Solaris MKII | Tom Russell

Scope

Propulsion Lead and Propulsion Vice-Lead for Monash High Powered Rocketry (MHPR) over a two year span, managing a sub-team of 15-20 across engine design, manufacturing, testing and launch.
Started as Propulsion Vice-Lead the first year, then became Lead for the second year when the engine flew on Project Zenith for the first time and then competed at IREC 2025 in Texas.
First Australian team to launch a student built hybrid at competition, went on to win the Jim Furfaro Award for Technical Excellence from 140+ teams internationally, a first in Australian rocketry. During this competition I was in control for the entire rocket launch operations as the team's Launch Operations Lead.
Contributed to the design and build the engine inclduing, tank bulkheads, SRAD pneumatic main valve, capacitive fill sensor, combustion chamber, injector and more.
Led a hotfire test campaign across multiple engine iterations, refining ignition timings, fuel grain, reliability and performance from test data.
Delivered a flight ready propulsion system integrated into Project Zenith for the team's 10,000 ft apogee competition rocket at IREC 2025.

Key Characteristics

Key metrics

Nitrous oxide oxidiser with a paraffin fuel grain in an ABS gyroid matrix. 4,000 N peak / 3,400 N average thrust, M3400 class motor.

SRAD pneumatic valve

Custom concentric pneumatic valve actuated by a pilot valve using nitrous tap off from tank, unequal-area piston stays sealed until the pilot valve vents the pressure on the underside of the piston. An extremely light weight and compact valve solution allowing high flowrates with a small actuator.

Flight performance

6 s total burn (3 s liquid + 3 s vapour), Mach 1.0 max velocity, coasting to 10,000 ft apogee under active air brake control. Flown successfully 3 times.

Thermodynamic modelling

I worked directly on the simulations for this engine using isentropic flow, vapour curves, non-homogenous equillibrium mass flow rate models and more to predict performance and inform design.

Hotfire campaign

Let a campaign of over 10 successful hotfires along with cold gas tests, and countless failures, learning a lot along the way.

Design Overview

Engine Overview

Solaris MkII uses nitrous oxide as the oxidiser with an paraffin wax fuel grain casted in a gyroid ABS matrix. Additionally it features a vortex swirl injector, custom SRAD valve and custom welded tanks which I contributed to the design for. The engine cross section shows the complete internal layout from the oxidiser tank interface through the main valve, injector, fuel grain, and nozzle.

Engine cross-section

Cross-section of Solaris MkII with the full render below.

Top tank bulkhead

Upper tank bulkhead with 2:1 elliptical profile integrating active vent, capacitive fill sensor, pressure transducer and SPRV. Machined and designed by me.

Main oxidiser valve

The SRAD concentric pneumatic valve uses nitrous tap off to actuate an unequal area piston which is held closed by equal pressure until the pilot valve vents the pressure on the underside of the piston. The pilot valve is a three way piston valve driven by a DC motor via a lead screw, the profile of this system is incredibly compact and light for the flowrate and pressure it operates at.

Valve assembly

External view showing pilot valve, collar, main valve body, quick disconnect box, and combustion chamber forward closure.

Annotated valve assembly

Detailed annotation of the main valve assembly highlighting the concentric piston, sealing surfaces and pilot valve actuation.

Quick disconnect

Quick disconnect interface between the ground support fill line and the onboard tank.

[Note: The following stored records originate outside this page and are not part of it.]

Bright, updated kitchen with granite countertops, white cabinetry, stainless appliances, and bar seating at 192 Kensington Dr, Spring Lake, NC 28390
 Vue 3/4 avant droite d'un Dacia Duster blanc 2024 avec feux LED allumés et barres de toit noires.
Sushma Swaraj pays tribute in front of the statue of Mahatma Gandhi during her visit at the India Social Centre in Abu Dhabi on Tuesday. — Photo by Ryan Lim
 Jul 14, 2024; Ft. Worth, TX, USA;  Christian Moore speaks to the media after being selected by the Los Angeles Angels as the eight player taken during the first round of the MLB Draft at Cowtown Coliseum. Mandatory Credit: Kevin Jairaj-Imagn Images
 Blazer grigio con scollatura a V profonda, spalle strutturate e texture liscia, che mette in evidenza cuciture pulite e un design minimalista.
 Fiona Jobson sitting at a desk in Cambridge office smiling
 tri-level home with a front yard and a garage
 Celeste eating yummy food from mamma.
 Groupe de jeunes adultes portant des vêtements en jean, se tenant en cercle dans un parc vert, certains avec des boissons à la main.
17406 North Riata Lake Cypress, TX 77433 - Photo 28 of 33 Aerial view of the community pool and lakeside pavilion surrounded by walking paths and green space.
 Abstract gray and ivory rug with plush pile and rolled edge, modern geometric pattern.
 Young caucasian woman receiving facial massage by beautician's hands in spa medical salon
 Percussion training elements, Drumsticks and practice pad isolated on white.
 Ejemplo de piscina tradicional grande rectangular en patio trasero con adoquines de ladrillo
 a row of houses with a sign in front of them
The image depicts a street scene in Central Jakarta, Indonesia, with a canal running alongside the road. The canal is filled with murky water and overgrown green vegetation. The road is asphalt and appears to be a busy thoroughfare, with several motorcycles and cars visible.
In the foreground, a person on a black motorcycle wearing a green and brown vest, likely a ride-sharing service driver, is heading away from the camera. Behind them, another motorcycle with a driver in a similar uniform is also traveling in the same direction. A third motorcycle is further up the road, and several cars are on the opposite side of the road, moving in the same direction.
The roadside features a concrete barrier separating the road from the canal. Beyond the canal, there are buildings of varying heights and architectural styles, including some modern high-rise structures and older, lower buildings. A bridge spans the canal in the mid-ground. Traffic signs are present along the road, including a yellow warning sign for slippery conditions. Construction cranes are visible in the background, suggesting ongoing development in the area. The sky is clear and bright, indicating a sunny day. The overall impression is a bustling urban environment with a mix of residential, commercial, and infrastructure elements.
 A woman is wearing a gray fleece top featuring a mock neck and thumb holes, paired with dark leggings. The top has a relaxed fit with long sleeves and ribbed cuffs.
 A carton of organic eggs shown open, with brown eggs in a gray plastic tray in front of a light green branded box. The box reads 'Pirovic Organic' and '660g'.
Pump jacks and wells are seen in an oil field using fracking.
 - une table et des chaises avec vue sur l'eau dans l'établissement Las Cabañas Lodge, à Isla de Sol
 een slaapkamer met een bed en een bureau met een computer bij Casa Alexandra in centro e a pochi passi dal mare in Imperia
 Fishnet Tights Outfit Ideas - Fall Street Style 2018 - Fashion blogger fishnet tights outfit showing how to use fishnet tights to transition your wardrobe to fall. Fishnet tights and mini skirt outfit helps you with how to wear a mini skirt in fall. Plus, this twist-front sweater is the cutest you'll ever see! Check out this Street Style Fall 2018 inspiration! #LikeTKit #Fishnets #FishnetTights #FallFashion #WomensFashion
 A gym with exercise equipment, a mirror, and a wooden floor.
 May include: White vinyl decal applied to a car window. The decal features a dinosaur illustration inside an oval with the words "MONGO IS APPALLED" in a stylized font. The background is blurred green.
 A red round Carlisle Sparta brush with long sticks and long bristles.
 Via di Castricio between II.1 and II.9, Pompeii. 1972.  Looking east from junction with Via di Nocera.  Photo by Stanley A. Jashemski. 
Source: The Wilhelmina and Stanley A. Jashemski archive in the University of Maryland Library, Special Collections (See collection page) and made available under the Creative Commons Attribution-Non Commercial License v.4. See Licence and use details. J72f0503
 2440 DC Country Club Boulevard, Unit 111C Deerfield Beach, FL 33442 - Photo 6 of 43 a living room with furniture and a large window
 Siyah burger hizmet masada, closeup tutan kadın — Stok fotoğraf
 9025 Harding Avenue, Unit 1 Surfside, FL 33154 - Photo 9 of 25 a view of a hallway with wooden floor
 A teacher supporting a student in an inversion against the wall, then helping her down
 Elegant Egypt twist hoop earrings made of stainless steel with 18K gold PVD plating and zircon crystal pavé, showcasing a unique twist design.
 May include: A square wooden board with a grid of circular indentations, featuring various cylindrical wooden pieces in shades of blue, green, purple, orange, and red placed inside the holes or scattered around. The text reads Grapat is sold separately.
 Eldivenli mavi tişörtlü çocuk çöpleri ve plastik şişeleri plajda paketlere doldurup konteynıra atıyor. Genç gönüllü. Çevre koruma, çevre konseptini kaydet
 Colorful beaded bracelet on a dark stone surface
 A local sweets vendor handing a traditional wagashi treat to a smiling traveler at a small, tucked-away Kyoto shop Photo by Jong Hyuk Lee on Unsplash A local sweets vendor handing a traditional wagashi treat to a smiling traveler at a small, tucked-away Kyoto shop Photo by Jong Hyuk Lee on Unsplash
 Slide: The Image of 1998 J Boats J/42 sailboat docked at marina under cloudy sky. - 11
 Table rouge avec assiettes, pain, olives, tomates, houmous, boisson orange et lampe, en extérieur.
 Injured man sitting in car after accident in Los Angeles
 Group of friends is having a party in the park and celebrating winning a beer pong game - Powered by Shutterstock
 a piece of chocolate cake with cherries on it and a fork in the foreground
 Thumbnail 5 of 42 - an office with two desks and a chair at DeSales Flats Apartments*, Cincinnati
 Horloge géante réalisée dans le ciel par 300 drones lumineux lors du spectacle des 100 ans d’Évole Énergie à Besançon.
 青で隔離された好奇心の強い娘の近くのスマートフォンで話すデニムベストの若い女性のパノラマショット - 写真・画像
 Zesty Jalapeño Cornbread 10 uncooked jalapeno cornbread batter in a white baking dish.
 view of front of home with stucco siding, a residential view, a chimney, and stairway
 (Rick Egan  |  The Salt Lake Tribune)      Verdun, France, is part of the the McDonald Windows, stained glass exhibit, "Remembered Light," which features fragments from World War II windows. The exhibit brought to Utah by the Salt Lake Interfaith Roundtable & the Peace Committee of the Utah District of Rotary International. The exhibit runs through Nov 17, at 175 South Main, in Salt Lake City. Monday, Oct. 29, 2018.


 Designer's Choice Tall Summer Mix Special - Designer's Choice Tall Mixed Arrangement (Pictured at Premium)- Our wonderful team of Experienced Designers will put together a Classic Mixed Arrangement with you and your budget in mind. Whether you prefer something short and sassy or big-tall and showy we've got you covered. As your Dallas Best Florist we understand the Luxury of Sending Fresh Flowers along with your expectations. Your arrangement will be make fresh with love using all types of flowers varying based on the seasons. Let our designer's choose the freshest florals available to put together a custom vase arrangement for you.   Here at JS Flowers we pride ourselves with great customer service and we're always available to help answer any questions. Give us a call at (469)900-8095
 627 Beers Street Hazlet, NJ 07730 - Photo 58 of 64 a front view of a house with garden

Fill system and capacitive fill sensor

The nitrous fill sequence is managed through an automated control system that handles dumping, filling and vent operations. This state machine balances inputs from the capacitive fill sensor, onboard pressure transducer and active vent position feedback to fill the tank to a precise mass and pressure prior to launch and hold it there. This allows us to get predictable engine performance and thus get as close as possible to our target apogee.

I personally developed the initial version of this state machine and design of the capacitive fill sensor in response to poor results from using a load cell on the launch rail.

Fill control algorithm

Alogrithm used to manage filling of Solaris MkII.

Hotfire test campaign

This went through an extensive test campaign that spanned two years which resulted in significant improvements to the engine. Each hotfire was either used to test upgrades, test for repeatability or test bug fixes.

Early hotfires characterised the engine and allowed the determination of empirical constants for our simulations. The pilot valve system was implemented part way through the project, I was responsible for managing the members working on this project and both project system level and technical level input to its design.

The campaign culminated in a launch at IREC 2025, becoming the first Australian team to ever launch a hybrid at competition, setting other records along the way such as the first student hybrid L3 launch in Australia.

Structural interfaces and the thrust path were validated through hydrostatic testing, confirming all loads stayed off the fluid lines.
Cold gas and hydrostatic campaigns verified valve functionality and structural integrity before each hotfire, building confidence incrementally.